Finally, a 17 tree Random forest model to move further.
forest.classifier = randomForest(Bankrupt ~ .,
data = smoted.train.set,
ntree=17,
importance=TRUE)
smoted.train.set$Bankrupt <- as.factor(as.character(smoted.train.set$Bankrupt))
test.set$Bankrupt <- as.factor(as.character(test.set$Bankrupt))
forest.y_pred = predict(forest.classifier, newdata = test.set)
forest.y_pred.train = predict(forest.classifier, newdata = smoted.train.set)
forest.y_prob = predict(forest.classifier, newdata = test.set, type='class')
forest.y_prob.train = predict(forest.classifier, newdata = smoted.train.set,
type='class')
forest.predict_log <- prediction(as.numeric(forest.y_pred),
as.numeric(test.set$Bankrupt))
forest.predict_log.train <- prediction(as.numeric(forest.y_pred.train),
as.numeric(smoted.train.set$Bankrupt))
forest.auc<- performance(forest.predict_log,"auc")
print((forest.auc@y.values[[1]]))
## [1] 0.720303
forest.auc.train<- performance(forest.predict_log.train,"auc")

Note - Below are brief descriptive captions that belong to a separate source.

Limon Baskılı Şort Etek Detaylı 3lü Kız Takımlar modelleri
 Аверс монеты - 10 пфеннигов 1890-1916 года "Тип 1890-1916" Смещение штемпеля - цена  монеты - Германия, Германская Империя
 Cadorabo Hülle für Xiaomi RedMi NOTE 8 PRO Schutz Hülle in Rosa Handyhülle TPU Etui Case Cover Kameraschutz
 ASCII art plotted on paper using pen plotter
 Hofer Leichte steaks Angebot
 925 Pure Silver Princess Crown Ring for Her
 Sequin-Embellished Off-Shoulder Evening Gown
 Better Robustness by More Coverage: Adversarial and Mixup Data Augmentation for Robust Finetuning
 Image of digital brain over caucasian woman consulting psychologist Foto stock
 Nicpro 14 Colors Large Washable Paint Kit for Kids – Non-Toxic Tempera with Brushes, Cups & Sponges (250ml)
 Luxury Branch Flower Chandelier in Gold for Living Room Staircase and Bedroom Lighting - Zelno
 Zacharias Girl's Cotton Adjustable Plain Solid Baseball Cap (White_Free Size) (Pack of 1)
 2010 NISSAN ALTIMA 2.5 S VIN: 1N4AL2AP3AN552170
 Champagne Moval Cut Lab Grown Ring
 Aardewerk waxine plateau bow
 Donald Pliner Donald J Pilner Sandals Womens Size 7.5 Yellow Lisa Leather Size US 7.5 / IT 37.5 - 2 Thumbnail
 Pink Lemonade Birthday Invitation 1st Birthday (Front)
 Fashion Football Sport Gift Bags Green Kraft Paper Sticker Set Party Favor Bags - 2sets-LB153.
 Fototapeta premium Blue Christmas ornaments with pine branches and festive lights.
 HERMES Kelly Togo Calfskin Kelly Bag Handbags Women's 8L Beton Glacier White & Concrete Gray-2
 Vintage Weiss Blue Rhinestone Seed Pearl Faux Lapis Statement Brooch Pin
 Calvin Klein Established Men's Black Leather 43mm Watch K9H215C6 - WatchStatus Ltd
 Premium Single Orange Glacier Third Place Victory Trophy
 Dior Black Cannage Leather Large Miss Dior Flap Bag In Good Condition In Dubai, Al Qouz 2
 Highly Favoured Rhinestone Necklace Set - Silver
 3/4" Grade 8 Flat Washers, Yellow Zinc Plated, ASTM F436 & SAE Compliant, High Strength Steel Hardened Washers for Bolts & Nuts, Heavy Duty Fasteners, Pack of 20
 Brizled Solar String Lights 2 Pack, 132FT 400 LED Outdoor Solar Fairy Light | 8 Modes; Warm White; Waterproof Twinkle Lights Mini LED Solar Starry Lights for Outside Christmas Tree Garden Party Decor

print((forest.auc.train@y.values[[1]]))
## [1] 0.9996969
The AUC value for training set is 0.9996 which clearly suggests there is some issue. This needs to be addressed and we will discuss about the Cross validation technique used later on.
roc_curve<- performance(forest.predict_log,"tpr","fpr")
plot(roc_curve, colorize=T)
smoted.train.set$Bankrupt <- as.factor(smoted.train.set$Bankrupt)
result <- rfcv(trainx = smoted.train.set[-1], trainy = smoted.train.set$Bankrupt)
with(result, plot(n.var, error.cv, log="x", type="o", lwd=2))
result <- replicate(5, rfcv(smoted.train.set[-1], as.factor(smoted.train.set$Bankrupt)), simplify=FALSE)
error.cv <- sapply(result, "[[", "error.cv")
print(result[[1]]$error.cv)
## 21 10 5 3 1
## 0.03232686 0.03749018 0.06128634 0.11381749 0.46941295
matplot(result[[1]]$n.var, cbind(rowMeans(error.cv), error.cv), type="l",
lwd=c(2, rep(1, ncol(error.cv))), col=1, lty=1,log="x",
xlab="Number of variables", ylab="CV Error")
Here we see in result$error.cv that when we are using 10 features we are getting error > 0.05 and there is no significant change in 21 and 10 features. So, we will be considering top 10 important features from the list of important features.
ctrl_cv3 <- trainControl(method = "cv", number = 3)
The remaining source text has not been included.